The general contractor was the plaintiff and filed the complaint against the owners and eleven (11) sub-contractors, all of whom were denominated as defendants. It was entitled, “Petition for Declaratory Decree.” It was filed and maintained on the chancery side of the court (the 1954 Florida Rules of Civil Procedure, as amended July 28, 1965, were applicable). It provided :
I
“CHRISTIE and REDDICK entered into a contract (copy attached as Exhibit A) for the construction of a building in Broward County, Florida.
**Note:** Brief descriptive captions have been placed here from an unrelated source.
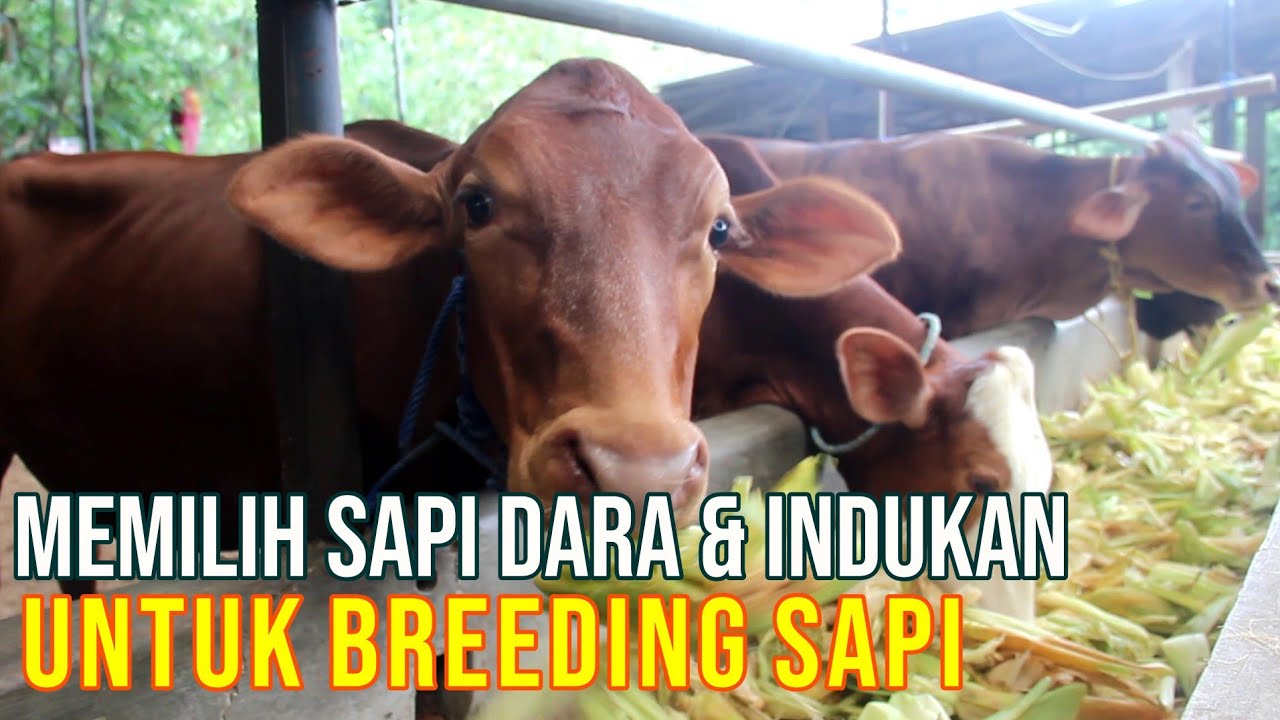 gb-22022023-06.13.27-Cara-Memilih-Sapi-Betina-Dara-Indukan-Untuk-Breeding.jpg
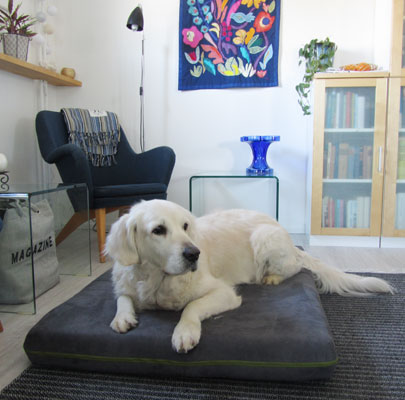 Viskoelastische, dicke Hundematte MARY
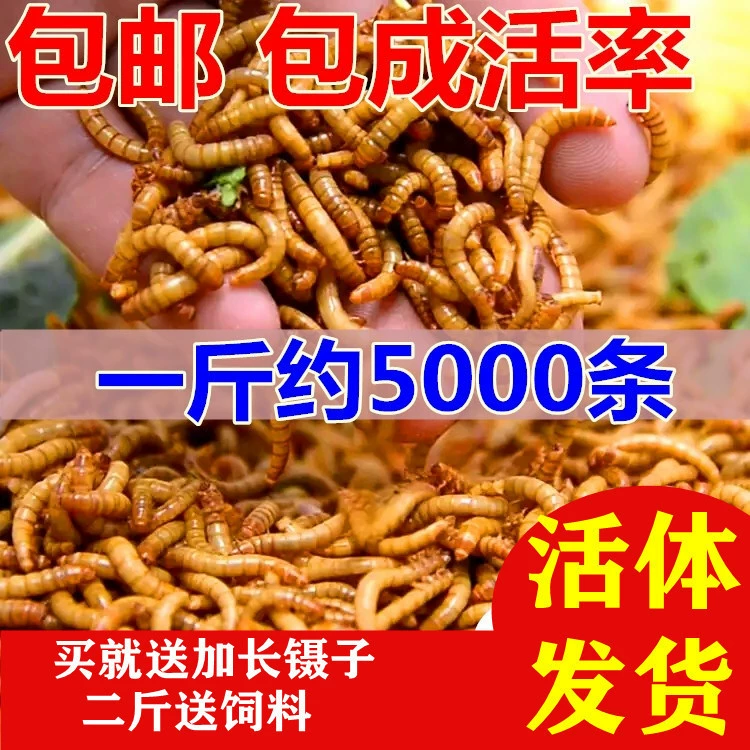 Хлебные черви Они ?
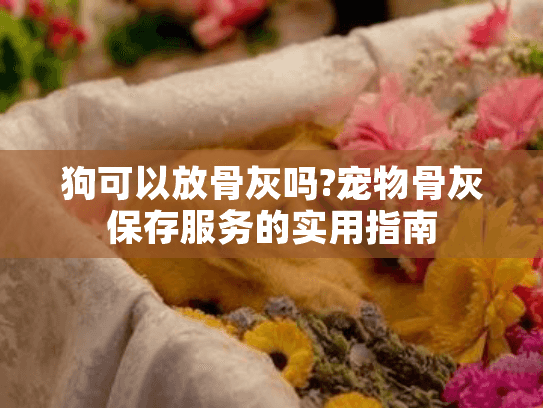 狗可以放骨灰吗?宠物骨灰保存服务的实用指南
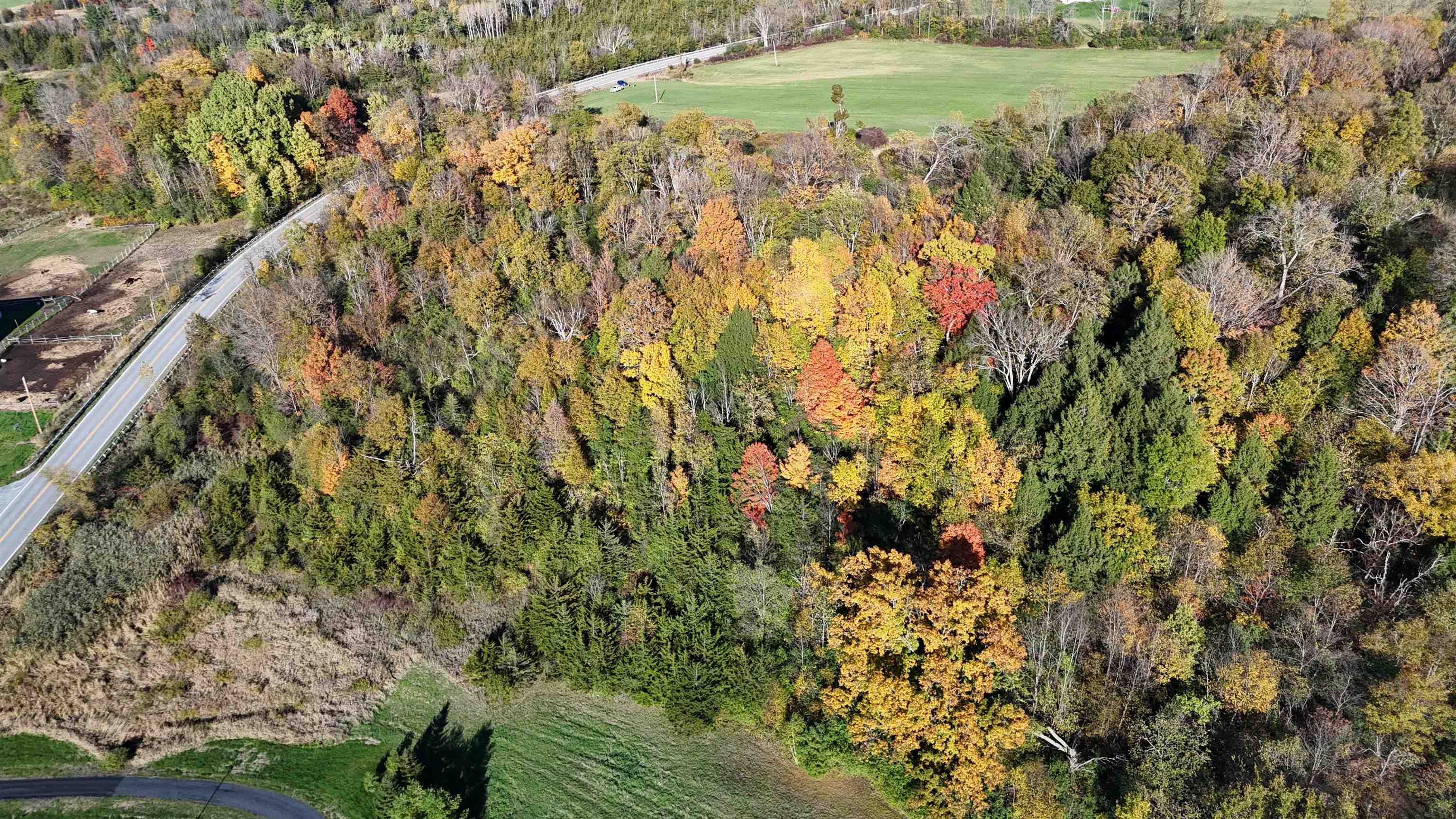 Homes for sale in Cornwall, VT | Tbd Route 74, Cornwall, VT 05753 | MLS# 5065913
A construction loan agreement was entered into between REDDICK, FIRST FEDERAL SAVINGS AND LOAN ASSOCIATION OF BROWARD COUNTY, and CHRISTIE wherein First Federal Savings and Loan Association of Brow-ard County agree to disburse money to CHRISTIE for the construction of the building. (Copy attached as Exhibit B) A supplemental agreement was entered into between CHRISTIE and REDDICK providing for a change in the contract providing for central air conditioning instead of unit air conditioners throughout the building in question. (Copy attached as Exhibit C) The contract proceeded according to plan until it was time for the final draw.
II
“There is on deposit with the First Federal Savings and Loan Association of Broward County the sum of $3,100.00 which sum is due to the contractor and his subcontractors. In addition to this sum there is due from REDDICK to CHRISTIE the sum of $2,375.00 which is the extra costs to be paid by REDDICK to CHRISTIE for the change order as to the central air conditioning system and there is further due to CHRISTIE from REDDICK $248.00 the statement of Curtis & Kaplan, Inc., an additional extra on this job which extra was solely authorized by REDDICK and not by CHRISTIE.
III
“Under the contract there is due and outstanding to subcontractors the following indebtedness
(Here eleven sub-contracting companies were listed with sums opposite their names varying from $60 to $987.03.)
IV
“It has been necessary for the Plaintiff in this cause of action to employ the undersigned attorney to prosecute this cause of action for him which said attorney is entitled to a reasonable attorney’s fee for his services in prosecuting this cause of action which sum should be taxed as costs herein.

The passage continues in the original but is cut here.